Just curious if anyone would be at any of the upcoming Conformation shows around Virginia this month or next? I am going to try to go to at least a few of them to watch the standard poodles and get some ideas of breeders closer to VA....plus I love to shop at the dog shows!!!!


----------



## dawns (Jun 29, 2010)

The hampton cluster is this weekend coming up.


----------



## momtymztu (Mar 27, 2012)

I know...I am still considering going as my Aunt lives in that area but I HATE the drive on a holiday weekend...the traffic is usually aweful. It was worth it when I had something to show, but just as a spectator not sure I want to fight it. 

Looks like a decent number of poodles entered...although I'm not really sure what qualifies as a "large" spoo entry...with Silky's anything over 5 or 6 is a great entry, it wasn't unusual for me to be the only one in the ring.


----------



## dawns (Jun 29, 2010)

momtymztu said:


> I know...I am still considering going as my Aunt lives in that area but I HATE the drive on a holiday weekend...the traffic is usually aweful. It was worth it when I had something to show, but just as a spectator not sure I want to fight it.
> 
> Looks like a decent number of poodles entered...although I'm not really sure what qualifies as a "large" spoo entry...with Silky's anything over 5 or 6 is a great entry, it wasn't unusual for me to be the only one in the ring.

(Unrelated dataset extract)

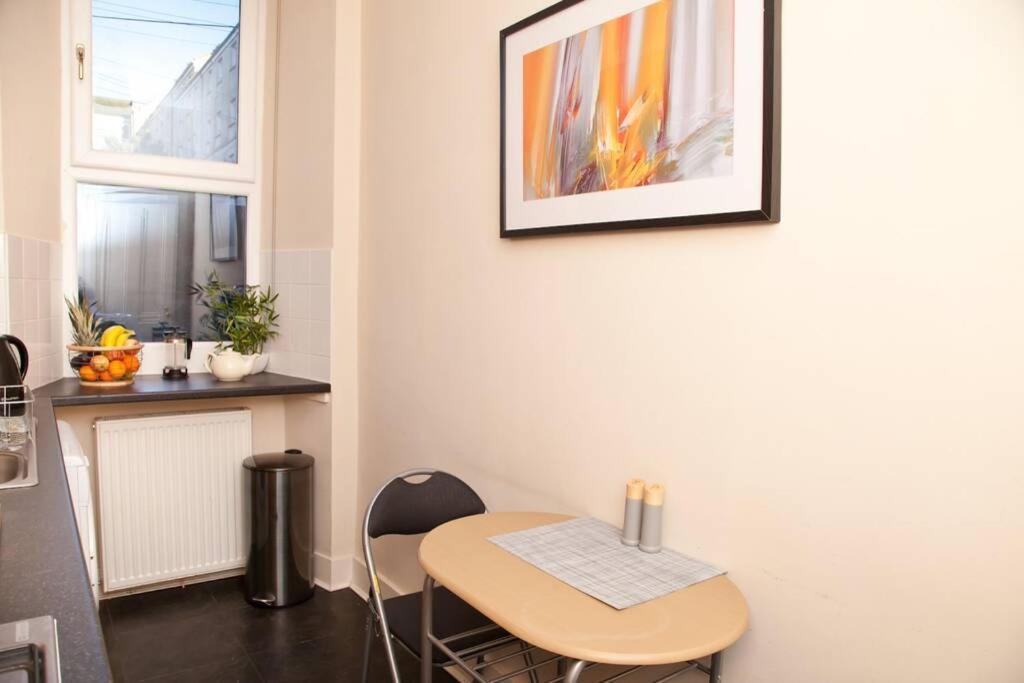Snug - Logie Baird Apartment Helensburgh Exterior photo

They have great a vendor selection at this show usually so I am seriously considering dealing with it. Plus a friend is showing a pup that is out of a male i bred (Boston terriers) so i think i am kind of obligated to go at least one day :act-up:

Yeah, I have a friend that shows silky's as well and thier entries were always pretty low numbers compared to us in boston's.


----------



## momtymztu (Mar 27, 2012)

Anyone going to the Blue Crab Cluster in Richmond,VA this weekend? Looks like 17 Spoos entered on Saturday alone...


----------